It was an even longer, more arduous task figuring out how to walk on four legs. Harry found he did it best when he did not concentrate on walking. When he let his body do what it wanted, beneath the heavy blood-curdling thrum of anxiety that told him he was stuck, he’d never get back to himself, he’d be this way forever, he couldn’t even hold a wand, he felt a thrill of appreciation for his powerful back legs which sprang him across the bedroom in one leap, of the flexibility of his joints and of the sharpness of his vision and of the range of his hearing.

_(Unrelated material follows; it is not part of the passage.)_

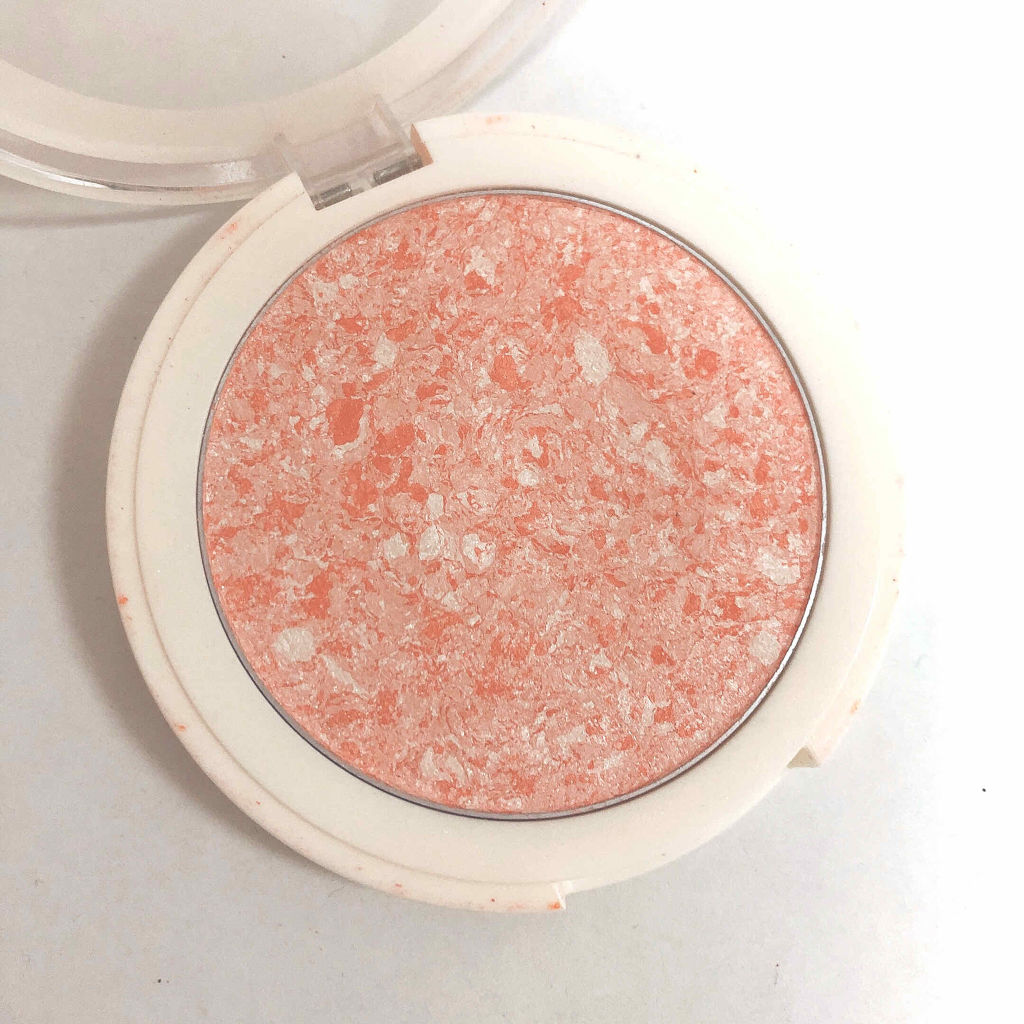 the SAEM eco soul カーニバルブラッシュのクチコミ「友達から韓国旅行のお土産にチークをもらいました⭐️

Firecall Hermione, he thought, single-minded in a way that blocked out all other thoughts. Hermione can fix this. She knows everything.
It was a tightrope balancing act trying to walk down the stairs, and Harry ended up tumbling arse over teakettle before he’d made it halfway to the landing. When he righted himself with a struggle, all a mess of tangled limbs and fur on end, he found himself face-first with the mirror that had seemed so contained with ill-will when he had left earlier that day.
There were no spectres behind him as he looked into the mirror this time, but his own reflection was haunting enough as it was.
The figure in the mirror was a big black dog, just as Sirius had been. A ghost, save for the eyes, which were otherworldly in a different sense.
They shone like lanterns through the dingy gloom of Grimmauld, bright white as though reflecting a light through the dark night.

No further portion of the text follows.